- Occupation: Musician

= Mandy Brown-Ojugbana =

Nigerian musician and radio presenter

Mandy Brown-Ojugbana is a British-Nigerian singer/songwriter, journalist, and radio/television presenter, best known for her version of Bobby Benson's "Taxi Driver" which became a massive hit in 1986. Following her departure from the music industry, she established herself as a media personality, serving as a presenter on both Brilla FM and Smooth 98.1.

==Music career==
Born to an English mother and a Nigerian father from Asaba, Delta State, and raised in Lagos, Ojugbana began her music career as a choir member and backing vocalist before being discovered in her teens by a gospel record label manager, who offered her a recording contract. After Faze 2 Records acquired the label, Ojugbana made the transition from gospel to secular music. She was assigned a reworked version of highlife musician Bobby Benson’s “Taxi Driver” while she wrote other songs for her debut album Breakthrough, which she promoted with several performances including a notable Easter concert at Eko Hotels and Suites. "Taxi Driver" became a huge hit in Nigeria, and Breakthrough also included a reggae version of George Benson's "Greatest Love of All".
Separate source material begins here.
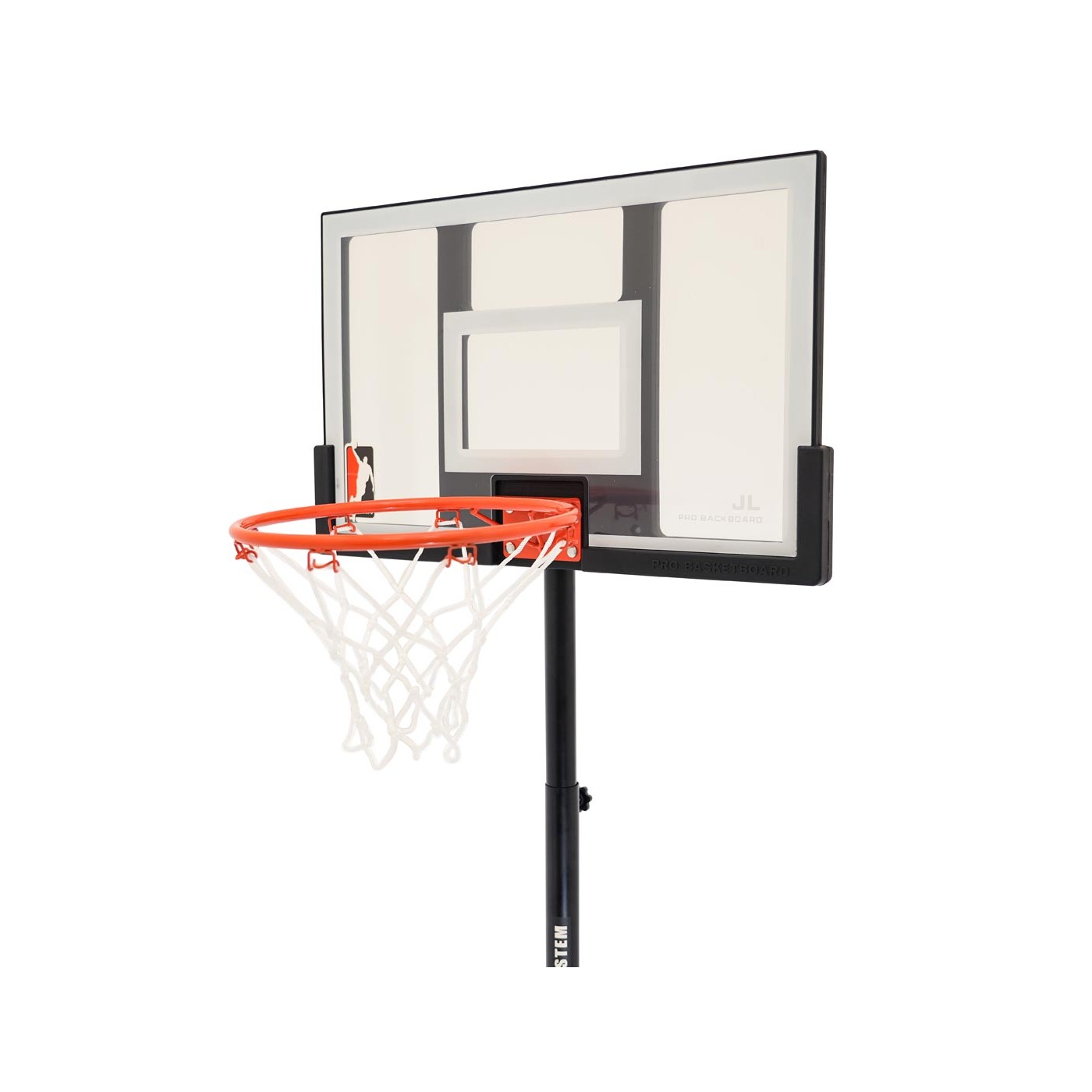Basketbal 205cm + příslušenství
Ojugbana released a second album, All My Love, in 1988, which gained less success. She later returned to her gospel roots, contributing backing vocals to Lorine Okotie's 1990 album Love Medicine. Of her short-lived music career, Brown-Ojugbana has stated "My intention is to grow my broadcasting career. Music is now something that if it happens, it happens."

==Media career==
In the early 1990s, Ojugbana moved to the United Kingdom where she pursued studies in broadcasting. After a stint with Channel 4, she returned to Nigeria and became a morning show presenter on Brila FM. She later joined Smooth 98.1 FM, where she hosted the show Smooth Breakfast with Mandy.